Captioned web images:
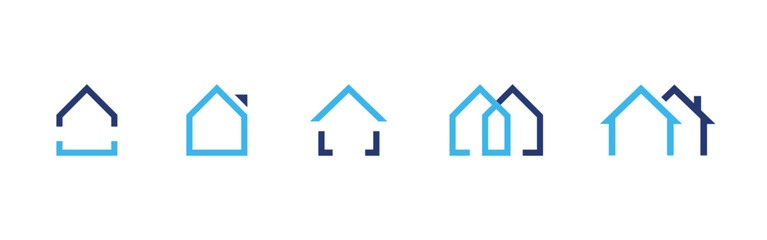 House logo icon. Minimal overlapping home outlines forming a clean real estate symbol. Modern residential graphic for property branding sign. Simple architecture concept used in housing market visuals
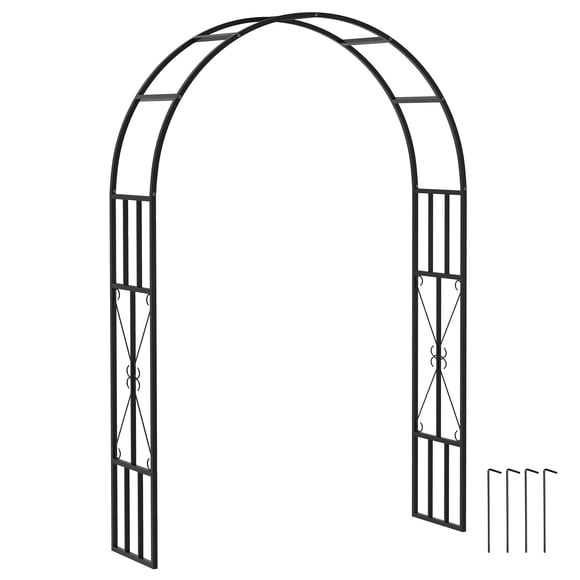 Outsunny 7.3ft Steel Garden Arch Trellis, Garden Arbor for Climbing Plants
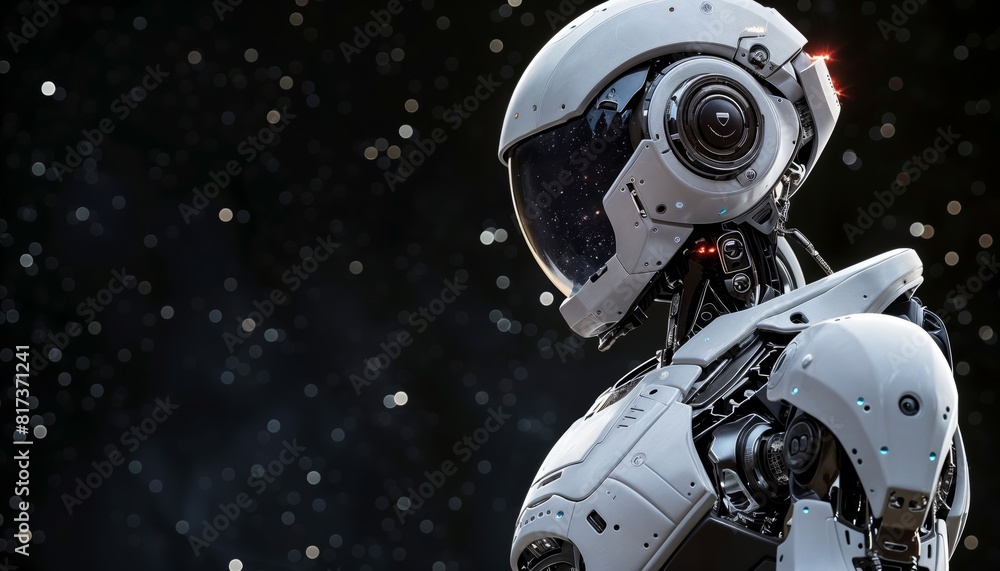 Fototapeta premium Humanoid robot on a cosmic black background. Global robotic astrophysics research for unveiling celestial mysteries.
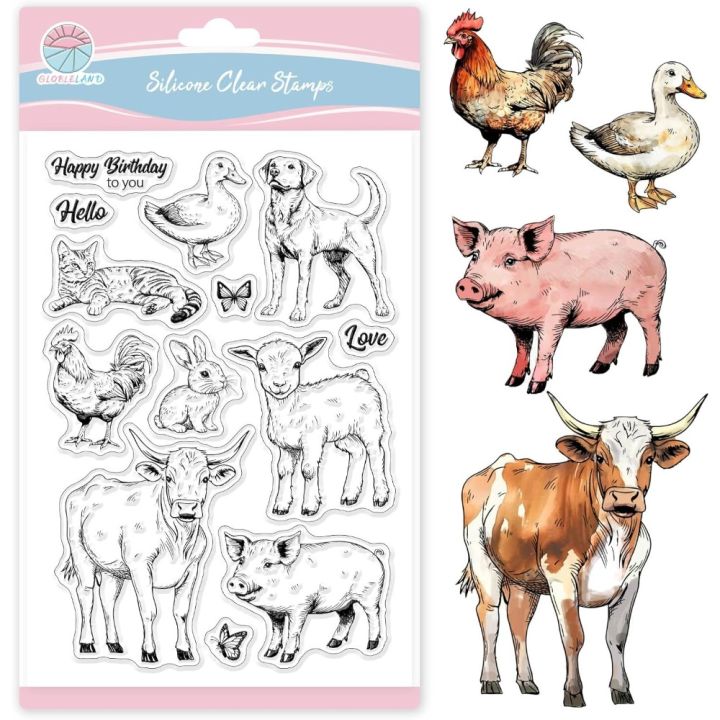 Farm Animals Clear Stamps for Card Making Cats Dog Sheep Pig Silicone ...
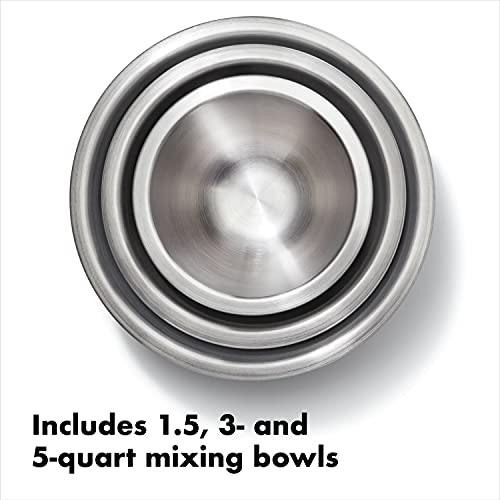 OXO Good Grips 3-Piece Stainless-Steel Mixing Bowl Set, White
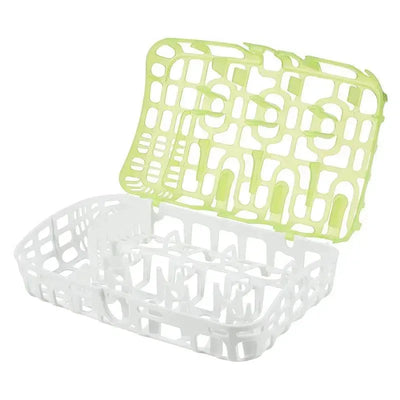 Dishwashing basket with a white base and a green lid, designed to hold baby bottle parts securely during cleaning.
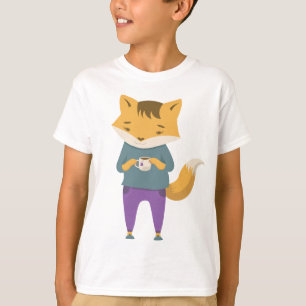 Cute fox with cup of tea T-Shirt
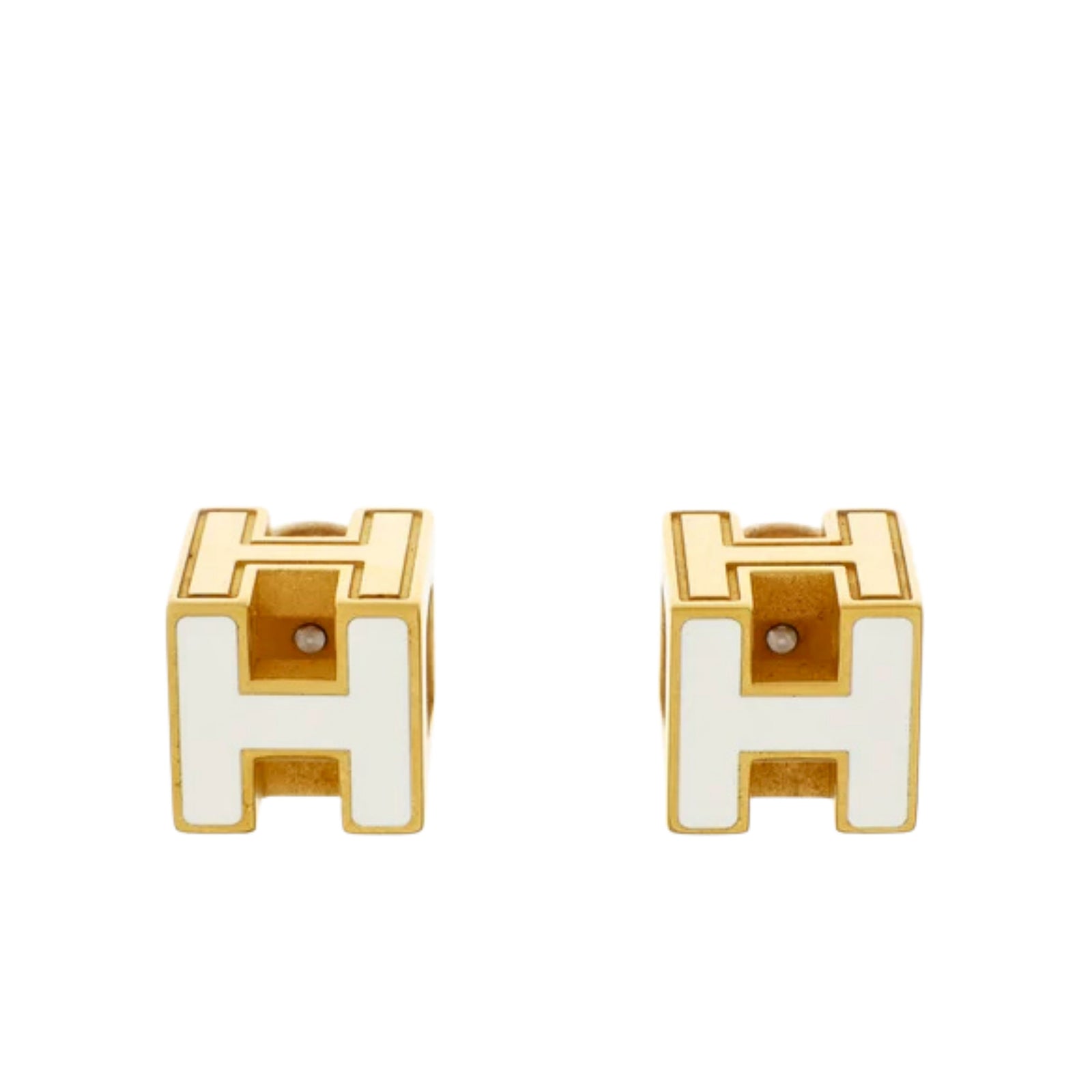 Gold Lacquered Cage d'H Earrings
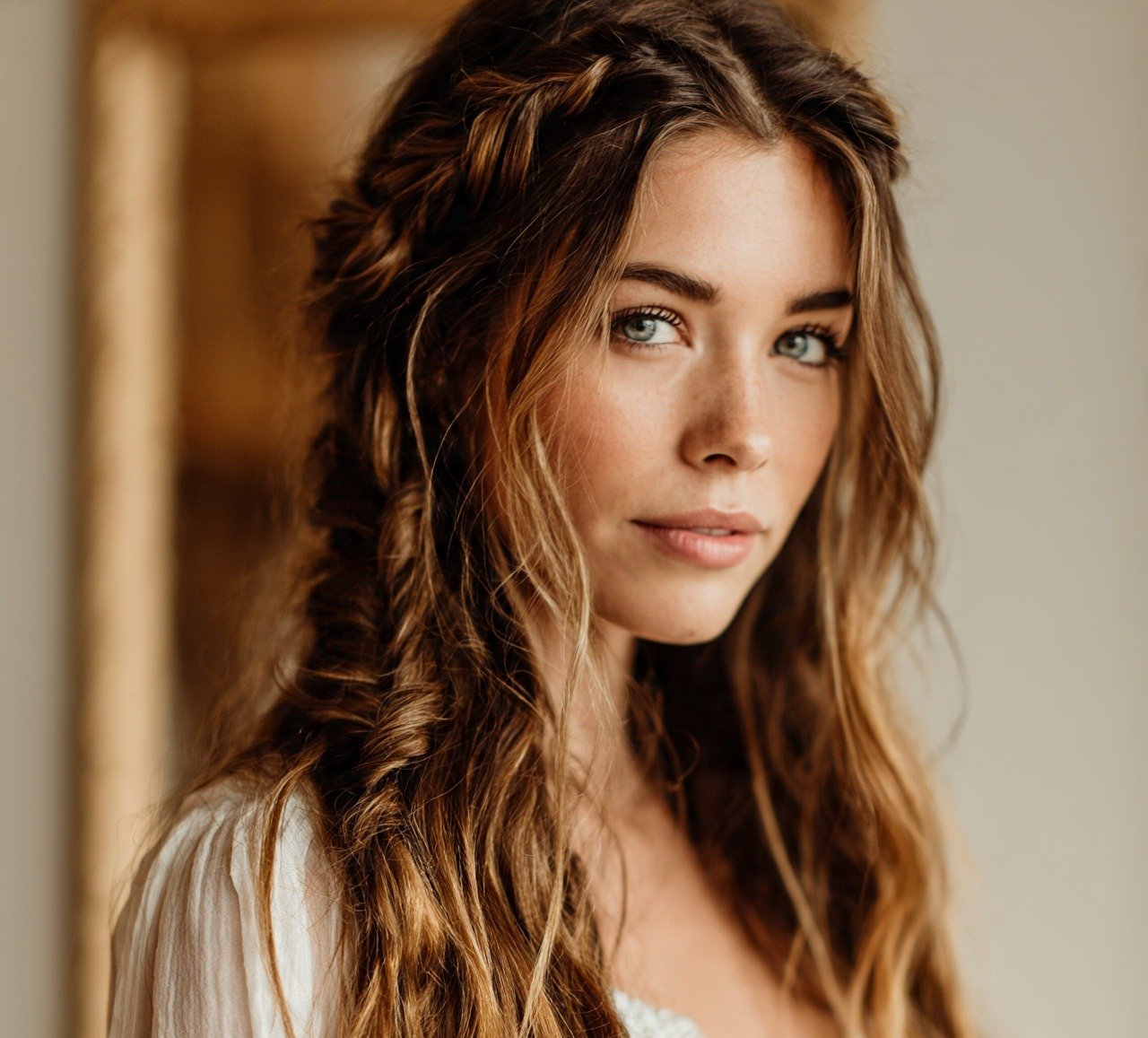 10. Boho Twisted Half Up Hairstyle For Long Hair Wedding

■ **TASK OBJECTIVE**: The range to transcribe runs from the line holding "Outsunny 7.3ft Steel" through the final line of the data above; copy it exactly and exclude the pictures.

■ **SOLUTION FOR THIS EXERCISE**:
 Outsunny 7.3ft Steel Garden Arch Trellis, Garden Arbor for Climbing Plants
 Fototapeta premium Humanoid robot on a cosmic black background. Global robotic astrophysics research for unveiling celestial mysteries.
 Farm Animals Clear Stamps for Card Making Cats Dog Sheep Pig Silicone ...
 OXO Good Grips 3-Piece Stainless-Steel Mixing Bowl Set, White
 Dishwashing basket with a white base and a green lid, designed to hold baby bottle parts securely during cleaning.
 Cute fox with cup of tea T-Shirt
 Gold Lacquered Cage d'H Earrings
 10. Boho Twisted Half Up Hairstyle For Long Hair Wedding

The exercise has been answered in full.